Polymers aren’t just a subject in chemistry – they’re all around us. Natural fibers like hair and bamboo and synthetic materials like rubber and plastic are all made (on the molecular level) of chains of polymers. Whether it’s waterless formulations, new packaging, or furthering research with recycling technologies. P&G R&D scientists have spent decades accelerating the discovery and manufacturing of sustainable polymers. And we’re not alone!

The National Science Foundation (NSF) is also working to tackle global challenges in plastic waste and polymer development. In fact, this year the NSF is partnering with industry leaders (like P&G) to launch a multimillion-dollar research funding opportunity aimed at exploring sustainable solutions that could change the way the CPG industry manufactures goods.

The NSF’s Sustainable Polymers Enabled by Emerging Data Analytics (SPEED) program encourages research communities to harness emerging data tools, such as AI and machine learning, to develop more sustainable polymers. The SPEED program also aims to develop the ideal workforce to support the incorporation of these techniques, supporting about 400 companies each year, and fostering an environment conducive to bringing innovation ideas to market.

Procter & Gamble Senior Vice Presidents Gerard Baillely, PhD, and Lee Ellen Drechsler, PhD, support this program as an innovation priority, “We celebrate over 50 years of advancing the research, design and industrialization of polymers with tangible benefits to quality of life across multiple applications and with robust human safety and environmental compatibility. Now with the SPEED program, we bring the power of data science, advanced research, and new STEM talent to continue driving polymer innovation and look forward to the opportunities ahead.”

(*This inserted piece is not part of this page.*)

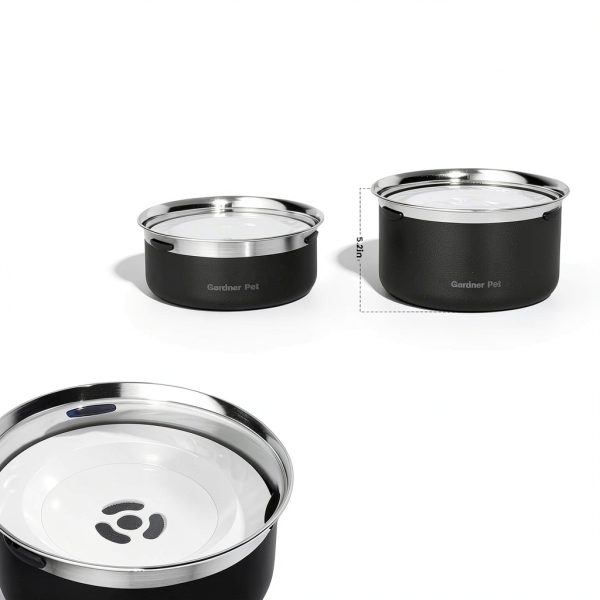 Gardner Pet Stainless Steel Dog Water Bowl Large 3.85L White-2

Procter & Gamble Senior Vice Presidents Gerard Baillely, PhD, and Lee Ellen Drechsler, PhD

NSF announced the launch of the SPEED program stating, "Synthetic polymers are in many products and materials used by our society, from concrete and plastics to paper and rubber," says NSF Chemistry Division Director David Berkowitz. "Melding frontier chemistry with advanced data science tools to design and commercialize new high-value polymers can reduce pollution and waste — and ultimately enhance the health of our planet and the resiliency of our communities."

The SPEED program will push the industry toward a more sustainable future that we can all agree is welcome progress. We are pleased to join this effort alongside PepsiCo., The Dow Company, BASF, and IBM.